Was Tibco mit der Analysetechnik von Spotfire vorhat

02.07.2007
Tibco begibt sich mit dem Kauf von Spotfire als erster Spezialist für das Prozess-Management in den Markt für Business Intelligence. Doch bisher sind die Produktpläne vor allem von Visionen geprägt.

Anfang Mai hatte Tibco angekündigt, den Spezialisten für Datenanalyse und -visualisierung Spotfire für 195 Millionen Dollar in bar kaufen zu wollen. Nachdem der Deal nun auch formal in trockenen Tüchern ist, erläuterte Rodger Oberg, Vice President Product Strategy Spotfire, gegenüber der COMPUTERWOCHE, wie sich die unterschiedlichen Produkte und Strategien beider Hersteller künftig vertragen sollen. Demnach sei der Spotfire-Kauf Teil einer Vision, die Tibco als "predictive business" beschreibt. In Anlehnung an das eigene Produktportfolio propagiert der Hersteller eine Referenzinfrastruktur, die Konzepte und Techniken wie die einer "Service-orientierten Architektur" und "Event-driven Architecture", Business Process Management (BPM), Business Activity Monitoring und "complex event processing" vereint, um Unternehmensprozesse flexibler (steuerbarer) und schneller zu machen (ausführliche Informationen und Diskussionen zu SOA, Event-Processing und BPM finden Sie auch in unserem SOA-Expertenrat).

Spotfire könne mit seinen Tools in diesen Anwendungsgebieten Daten über die Qualität und Bedeutung von Prozessen und Events erfassen und regelbasierend auswerten.
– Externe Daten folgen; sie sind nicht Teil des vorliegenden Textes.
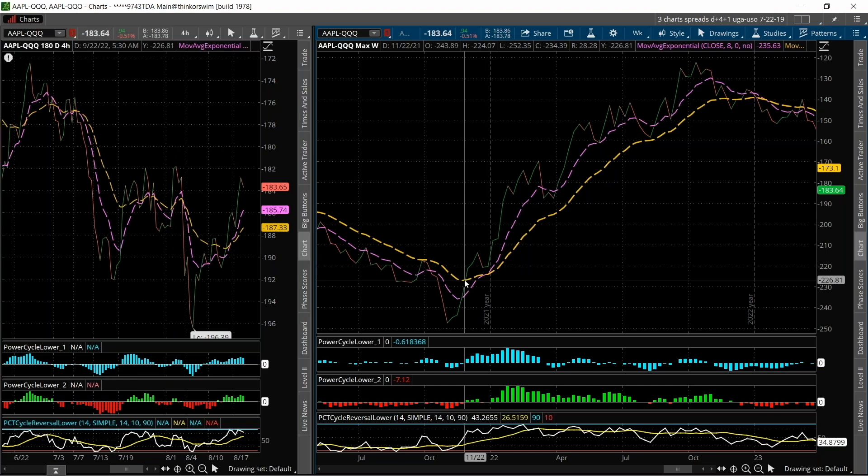We could change that correlation if we wanted — we could be long one Apple and short two QQQ or something like that. But this is a one-to-one and it had a huge move.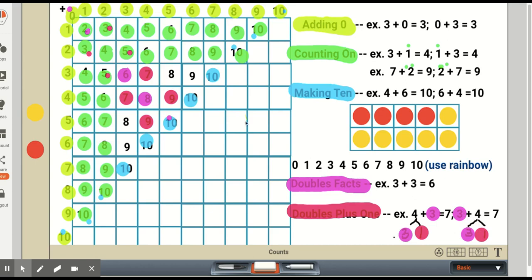On the chart, the doubles plus one facts include four plus three, five plus four, three plus two, two plus one, and one plus zero, along with their reverse facts. For some of these sums, students may reach their total by counting on, or they may use their doubles plus one strategy.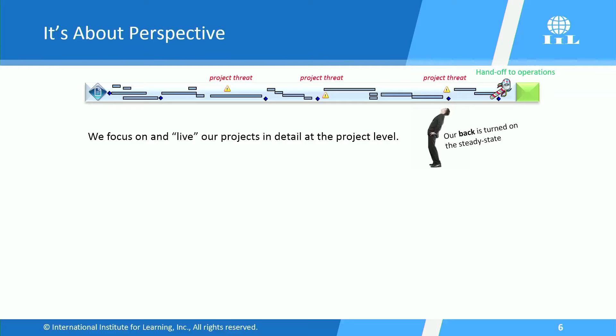Look at all the detail that the project manager can see. Threats, opportunities, milestones, all good and important stuff.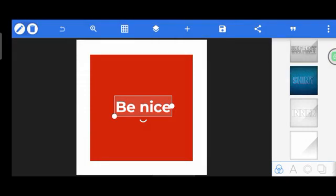Okay guys, merry Christmas and happy new year in advance. Enjoy your Christmas really well! Thanks for watching and have a great day.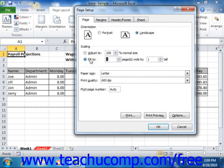Below the Scaling section, you can use the Paper Size drop-down to select the size of paper to which you will be printing, and you can use the Print Quality drop-down to select a print quality in dots per inch. You can type a number into the First Page Number text box to set the first page to display that number as the starting point in the header or footer, assuming you have added page numbering when you're printing.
Ein Beispiel wäre die Integration von Spotfire in die Tibco-Software "Tibco BusinessEvents". Bei einem Event werden kontextbezogene Informationen in Spotfire zur Analyse geladen, um beispielsweise eine Ursachen- oder Mustererkennung zu betreiben. Dabei ließen sich auch bestehende Geschäftsregeln bearbeiten und diese wieder an die Event-Technik einbringen.

Roadmap steht

Letzterer Aspekt ist indes derzeit nicht möglich, da Spotfire nicht über entsprechende Funktionen verfügt, räumte Oberg ein. Auch liefere das Tibco-Produkt derzeit zu wenig verwertbare Daten für ausführliche Analysen. Es gebe aber bereits eine interne Roadmap, wie die Produkte beider Hersteller vollständig integriert und für die neue Einsatzszenarien angepasst werden sollen. Die Arbeiten könnten alles in allem etwa 18 Monate dauern. Doch bereits in der kommenden Version von Spotfire werden sich erste Funktionen für Event-Processing-Umgebungen finden. Technisch erwartet Oberg keine Probleme bei der Integration, auch wenn Spotfire bei der Produktentwicklung bisher auf .NET, Tibco hingegen auf Java setzt. Auswertungen von Prozessinformationen in Echtzeit, wie sie Tibco und Spotfire vorschweben, sind heute noch die Ausnahme in Unternehmen. Zudem seien viele IT-Architekturen noch nicht für eine Echtzeit-Übertragung von Daten ausgelegt, da dieser Umbau teuer ist, räumt Oberg ein. Doch zeigten Beispiele wie die Analyse klinischer Versuchsdaten, dass die Anforderungen steigen.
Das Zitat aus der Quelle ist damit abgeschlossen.